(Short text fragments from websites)
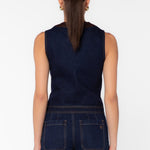 Back view of dark navy denim vest with brown leather trim and matching wide-leg jeans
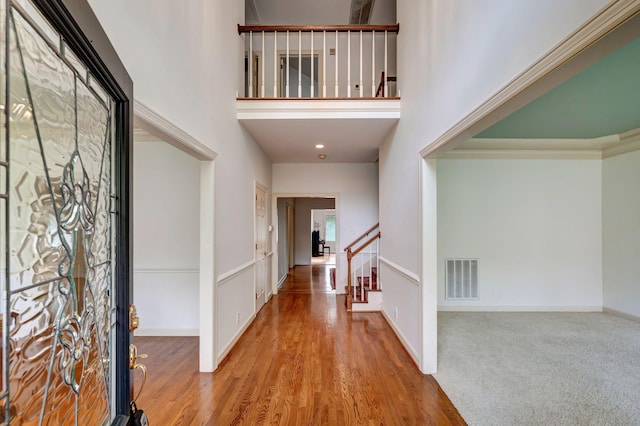 213 Andover Way, Nashville, TN 37221 - entrance foyer with stairs, a towering ceiling, wood finished floors, and baseboards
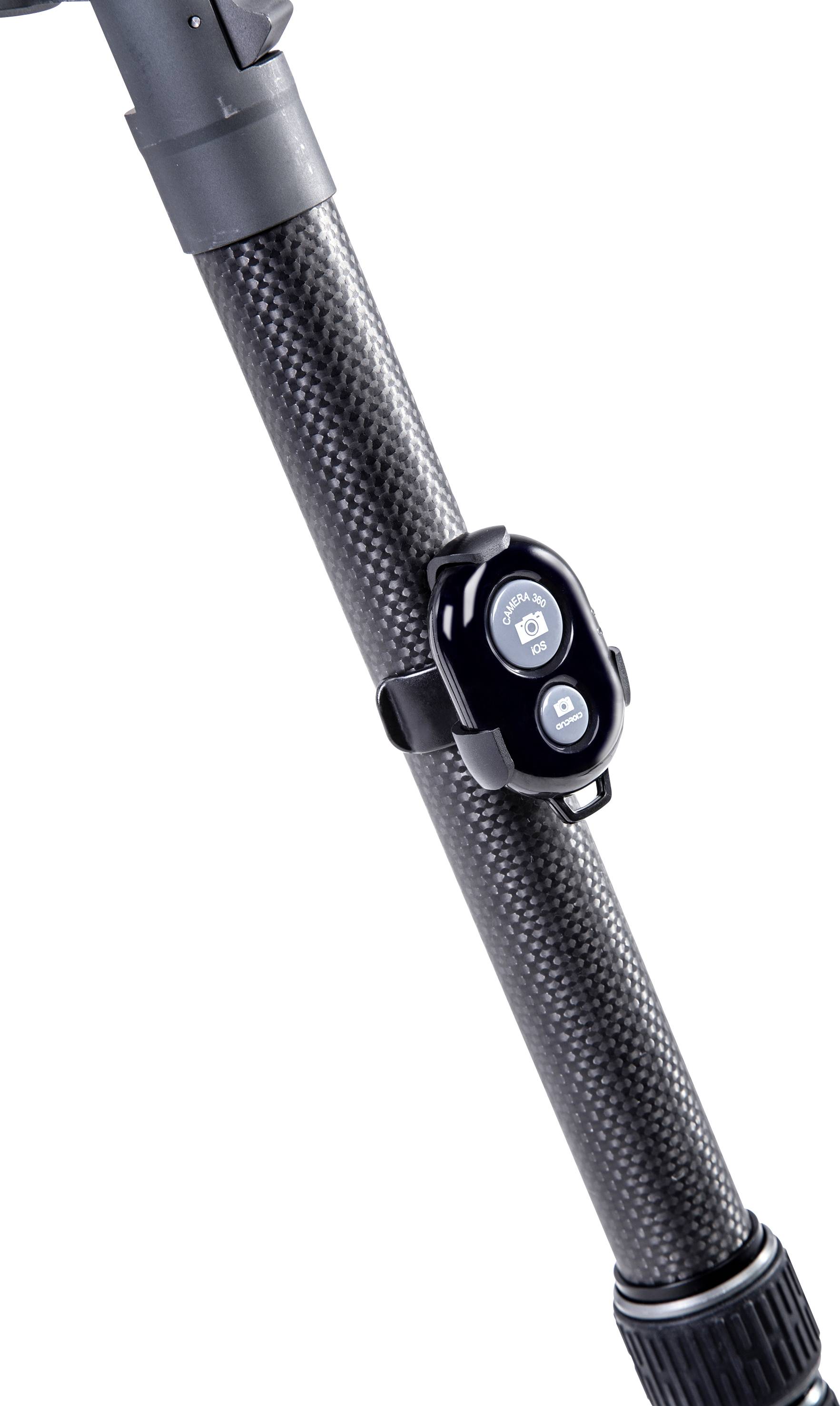Close-up of a tripod leg made of carbon fibre, with a small, mounted remote control.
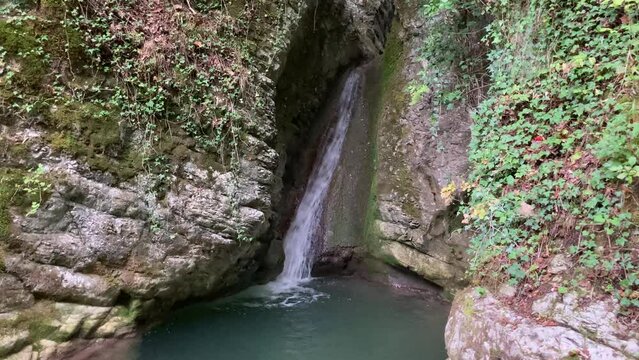 Firm view at Cascata del Pellegrino in Sarnano, a waterfall with a rushing stream of lush water flowing down in creamy colors, enclosed by majestic impenetrable stone, collecting in a calm basin below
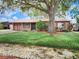 Charming single-story home with a copper roof, beautiful tree, and well-manicured landscaping at 3304 Alamar St, Lutz, FL 33558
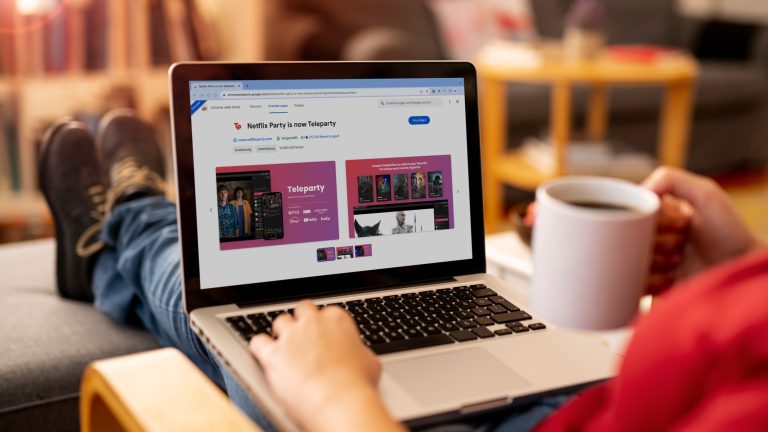 Eine Person sitzt in einem Schaukelstuhl mit einer Tasse in der Hand und einem Laptop auf dem Scho&szlig;.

Task: Go back to the lines above and output, exactly as they stand, the ones from the line containing "213 Andover Way, Nashville, TN" to the line containing "Charming single-story home". Leave all pictures behind.

Solved problem:
 213 Andover Way, Nashville, TN 37221 - entrance foyer with stairs, a towering ceiling, wood finished floors, and baseboards
Close-up of a tripod leg made of carbon fibre, with a small, mounted remote control.
 Firm view at Cascata del Pellegrino in Sarnano, a waterfall with a rushing stream of lush water flowing down in creamy colors, enclosed by majestic impenetrable stone, collecting in a calm basin below
 Charming single-story home with a copper roof, beautiful tree, and well-manicured landscaping at 3304 Alamar St, Lutz, FL 33558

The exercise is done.